• **WORK ORDER**: Where the records below have a line with "going", that line is to be copied.

• **INFORMATION**:
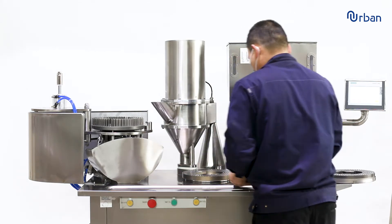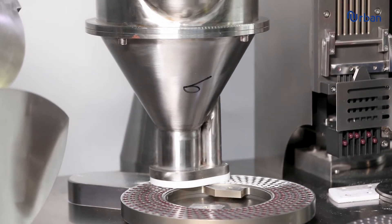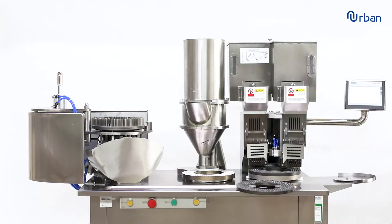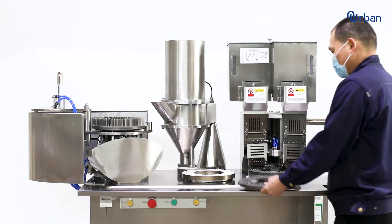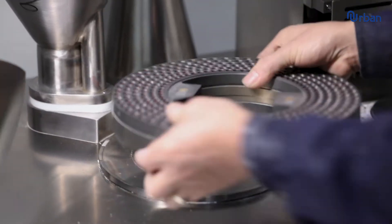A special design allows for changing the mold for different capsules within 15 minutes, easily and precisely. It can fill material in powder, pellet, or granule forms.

--

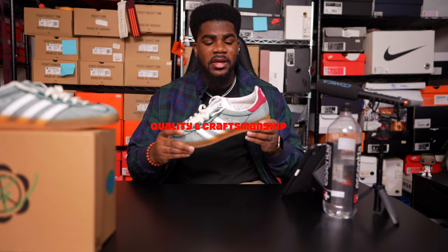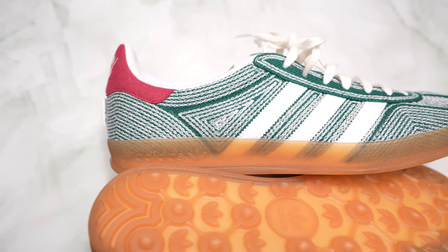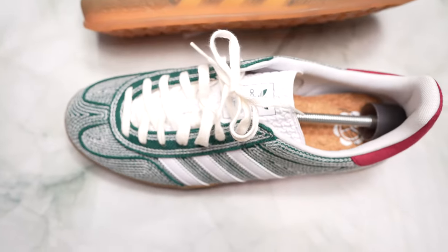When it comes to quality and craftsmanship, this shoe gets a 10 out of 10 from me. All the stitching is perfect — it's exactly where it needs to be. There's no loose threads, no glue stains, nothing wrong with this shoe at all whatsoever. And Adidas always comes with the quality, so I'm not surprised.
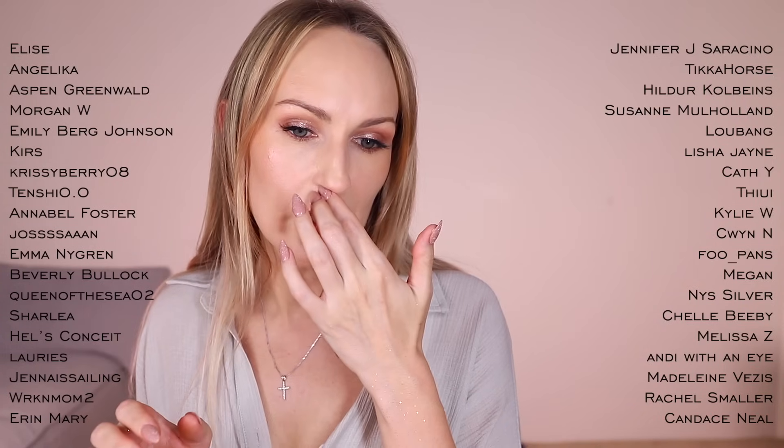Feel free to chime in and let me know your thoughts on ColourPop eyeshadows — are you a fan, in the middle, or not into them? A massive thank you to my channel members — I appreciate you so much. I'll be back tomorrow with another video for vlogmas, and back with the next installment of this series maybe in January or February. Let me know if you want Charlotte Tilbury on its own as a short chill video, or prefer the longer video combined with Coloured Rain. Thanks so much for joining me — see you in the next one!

...

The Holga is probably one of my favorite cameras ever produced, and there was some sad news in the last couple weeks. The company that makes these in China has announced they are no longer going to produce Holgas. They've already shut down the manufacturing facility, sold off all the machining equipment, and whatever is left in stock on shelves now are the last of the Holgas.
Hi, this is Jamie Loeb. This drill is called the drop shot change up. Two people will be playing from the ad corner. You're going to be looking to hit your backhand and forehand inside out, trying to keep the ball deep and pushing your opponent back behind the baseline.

• **WRITTEN SOLUTION**:
The Holga is probably one of my favorite cameras ever produced, and there was some sad news in the last couple weeks. The company that makes these in China has announced they are no longer going to produce Holgas. They've already shut down the manufacturing facility, sold off all the machining equipment, and whatever is left in stock on shelves now are the last of the Holgas.
Hi, this is Jamie Loeb. This drill is called the drop shot change up. Two people will be playing from the ad corner. You're going to be looking to hit your backhand and forehand inside out, trying to keep the ball deep and pushing your opponent back behind the baseline.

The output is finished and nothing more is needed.